Wohin man im Moment auch sieht, die Medien sind voll von Nachberichten zum Eurovision Song Contest (ESC) 2014 und der Siegerin Conchita Wurst. Auf einmal sucht die Medienlandschaft Hassredner, um auf den Zug eines angeblich in Toleranz und Intoleranz gespaltenen Europa aufzuspringen. Ganz ehrlich – Ich finde das alles einfach nur dämlich! Und damit meine ich nicht Conchita. Beileibe nicht.
Ich bin kein Fan des ESC, habe es nie großartig verfolgt. Auch dieses Jahr habe ich eigentlich nur deswegen davon erfahren, weil man medial nicht daran vorbeikam, dass jemand die nun Gewinnerin im Vorfeld diffamierte. Prinzipiell gönne ich jedem seine eigene Meinung. Aber man sollte davon absehen beleidigend zu werden. Die Welt ist groß und vielfältig genug, sodass jeder seiner Wege gehen kann ohne andere zu belästigen. Wenn jemand mit Travestie – warum auch immer – auf Kriegsfuß steht, meinetwegen.

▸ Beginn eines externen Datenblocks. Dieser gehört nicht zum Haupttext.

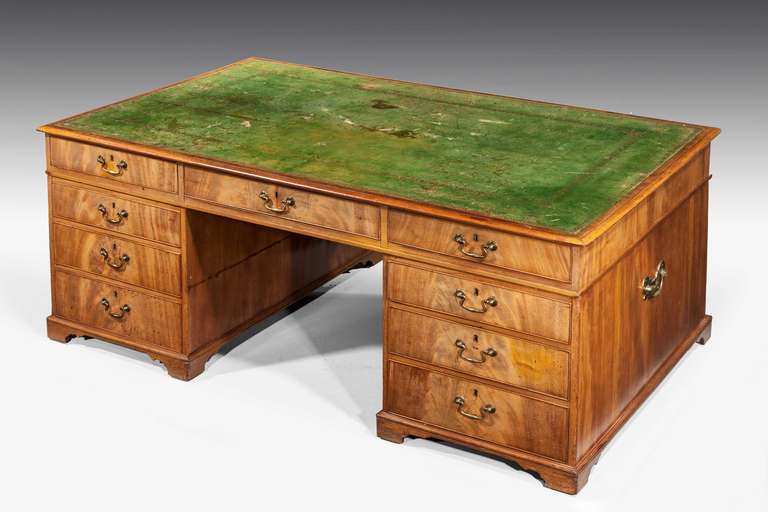 19th Century Regency Period Mahogany Partners Desk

Aber ich schnauze auch nicht jeden an, nur weil er geringelte Socken trägt und das nicht zwangsläufig zu meinen Favoriten gehört.
Der Witz an diesem ganzen Hick-Hack im Vorfeld ist doch, dass er meiner Meinung nach maßgeblich zum Ausgang beigetragen hat.
Aber der Reihe nach: Wir haben also eine kleine Medienschlacht, derer sich die Reporter warmherzig annehmen und sie benutzen andere, weniger populäre, Themen aufzuheizen. So funktioniert dieser schwachsinnige Apparat nun einmal. Generation „Im Fernsehen wird immer alles ehrlich und wahrheitsgemäß berichtet“ sitzt also tagein tagaus vor dem Gerät und verfolgt einen ziemlich sinnfreien Zirkus. Jetzt werden die Ersten aufschreien und sagen „Sinnfrei? Es war sehr wichtig, dass dabei für Toleranz geworben wurde!“ Ja, keine Frage. Aber nun stelle ich mal eine Frage: Warum muss dafür heutzutage noch geworben werden? Ist unsere Bildung schlechter als es eine Studie, gleich nach welchem Ort sie benannt sein mag, es je darstellen könnte? Ganz offensichtlich! Wer Toleranz nicht als Grundsatz jedweden Miteinanders versteht, hat spätestens beim Verlassen der eigenen Wohnung ein Problem, sofern er oder sie allein wohnt. (Wenn nicht, dann verschiebt sich das Problem im Tagesablauf auf einen entsprechend früheren Zeitpunkt. Nämlich dahin, wo das erste Mal ein anderes menschliches Wesen getroffen wird.) Jeder Mensch, mit dem wir in irgendeiner Art in Kontakt kommen, wird mit Sicherheit mehr als nur eine unserer Ansichten nicht teilen. Warum auch? Aber ist das schlimm? Wie sollte man sich in einen anderen Menschen verlieben können, wenn man nicht in der Lage ist, Toleranz etwas anderem gegenüber zu zeigen? Und ein Mensch, der nicht nach Liebe in einer ihrer unzähligen Formen (z.B. auch Anerkennung) strebt, muss erst noch geboren werden. Warum also sind manche Menschen offensichtlich nicht in der Lage diese Toleranz vom Kleinen ins Große zu projizieren?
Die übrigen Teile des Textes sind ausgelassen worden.